AVC: You've continued to set your books in kind of a noirish world. When you walk through real life, do you see the world that way? In terms of dark shadows, shadowy figures and things like that?
WG: I think there's quite a bit of that around. I don't much live my life as if I was living in a Raymond Chandler novel, which is probably a good thing. [Laughs.] But there are moments when—depending on what neighborhood I'm in, or what city I'm in, or what channel on television I'm watching—my eyes get really wide and I go, "Chandler wasn't even close. This shit is truly dire." We live in pretty extreme times. Some pretty dark stuff.
I don't know what constitutes "noir" in 2007. I mean, would The Wire be noir? I don't think so. Actually, noir—I was taught in college—is a kind of baroque pop version of literary naturalism. Anyway, that's the way some critics have looked at it. I think that a show like The Wire is the closest we come these days to naturalism. It's a genuine, authentic attempt at naturalism. I've never really attempted naturalism before, but I value it a lot, so all of its more baroque forms have been very valuable to me. One of them, I think, is noir.
I haven't thought about stuff like that since I was an undergraduate. [Laughs.] I'm amazed I can still do it.
AVC: You were born in South Carolina. Did you spend most of your youth in the South before moving to Canada?
WG: I grew up in southwestern Virginia. I was born in South Carolina, but only because my parents had a vacation cabin or something there on the beach. I was like a summer baby. But I did grow up in the South. I grew up in serious, serious Appalachia, in a very small town. I was thinking about that this morning, and I thought that the thing about growing up in the South in the 1950s and early '60s was that it produced memories that look like the 1930s and 1940s. It wasn't the South of today. It was this old, old, old, backward, weird, isolated kind of South, the pre-television South. I think that contributed a lot to my worldview, and the way I look at things as a writer. I could simultaneously see this ancient Cormac McCarthy kind of reality in this Southern mountain world, plus Sputnik and Twilight Zone on television. The gap between where I lived and the media universe was much wider than it possibly could be, now that everybody's online. I mean, my grandmother refused to call the Civil War the Civil War. She called it the Northern Invasion, and she wasn't joking. She was a very, very old lady. My mother was born in 1907, believe it or not. I was raised by Edwardians. My grandmother gave me a little bronzed bust of Robert E. Lee when I was 5 years old. Seriously, we were scarily Southern. She couldn't conceivably understand the world today.

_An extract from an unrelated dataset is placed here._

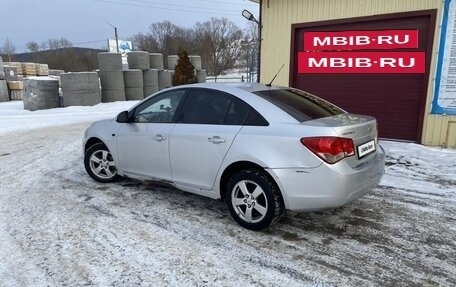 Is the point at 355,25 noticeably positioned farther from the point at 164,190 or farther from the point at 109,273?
the point at 109,273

AVC: Do you get back to the South much these days?
WG: Not very much, aside from Atlanta, which I visit occasionally. I haven't been back to my hometown for about 10 years. It doesn't much figure on the book-tour circuit. I sort of stay tuned into it though, through the Internet. I think I'd be less surprised at the changes just from following it online. I read local newspapers kind of at random from small, Southern towns, just to savor it. But yeah, I mean, television did it, basically. I think the South is extremely different, and it'll be that much different again in another 20 years. It's become the place that's changing fastest, I guess because it had the most changing to do.
AVC: The character Tito is Cuban-Chinese, which seems to sort of speak to the idea that borders are dissolving. Do you think that's the way the world is moving, to the dissolution of regional distinctions?

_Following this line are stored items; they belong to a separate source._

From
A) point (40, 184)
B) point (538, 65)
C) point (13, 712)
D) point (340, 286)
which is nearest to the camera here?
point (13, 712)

WG: Well, I've always been interested in people who aren't from anywhere in particular. I think it's all melting. This has been true for as long as I can remember in my adult life. If I meet someone and discover that they're an absolute, very earnest nationalist, it's unlikely that I'm going to get much closer to them. I don't understand them. It doesn't matter where they're from, I just don't get it. I'm a multi-national kind of guy, I think.

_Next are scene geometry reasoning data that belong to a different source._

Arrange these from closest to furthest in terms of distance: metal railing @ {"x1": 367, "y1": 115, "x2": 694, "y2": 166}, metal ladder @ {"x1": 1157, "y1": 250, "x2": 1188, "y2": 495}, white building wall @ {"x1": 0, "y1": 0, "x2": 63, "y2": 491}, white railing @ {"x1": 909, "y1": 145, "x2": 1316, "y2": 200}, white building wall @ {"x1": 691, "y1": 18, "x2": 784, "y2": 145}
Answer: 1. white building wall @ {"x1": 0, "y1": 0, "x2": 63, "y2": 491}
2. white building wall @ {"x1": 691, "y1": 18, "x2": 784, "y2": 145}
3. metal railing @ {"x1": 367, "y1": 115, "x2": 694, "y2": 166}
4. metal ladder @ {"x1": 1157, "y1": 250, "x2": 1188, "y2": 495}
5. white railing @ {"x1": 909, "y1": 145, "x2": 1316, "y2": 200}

AVC: There's a sense in Spook Country that your three protagonists are living through a fragment of a much larger story. There's a lot going on, and they're part of it, but they're not the main part of it. That seems to be a trend in contemporary fiction: stories that take place on just the outside fingernail of something much larger. Did that occur to you at all while you were writing?
WG: I'm not a very intentional writer. I try to be as unintentional as possible. What I basically try to do is invite the zeitgeist in to tea. I haven't been reading much contemporary fiction lately, but if you're seeing characters operating on the outside of things that they can't fully comprehend, then you're seeing part of the zeitgeist, and I think you might also be seeing an emergent, new kind of realism, where the individuals that write books are willing to admit to themselves—and to some extent to the reader—that they don't know what the hell is going on. I mean, if they're trying to be really honest, and they're not just trying to sell some conspiracy theory, they're writing about characters who don't know what the hell is going on, because well, we don't.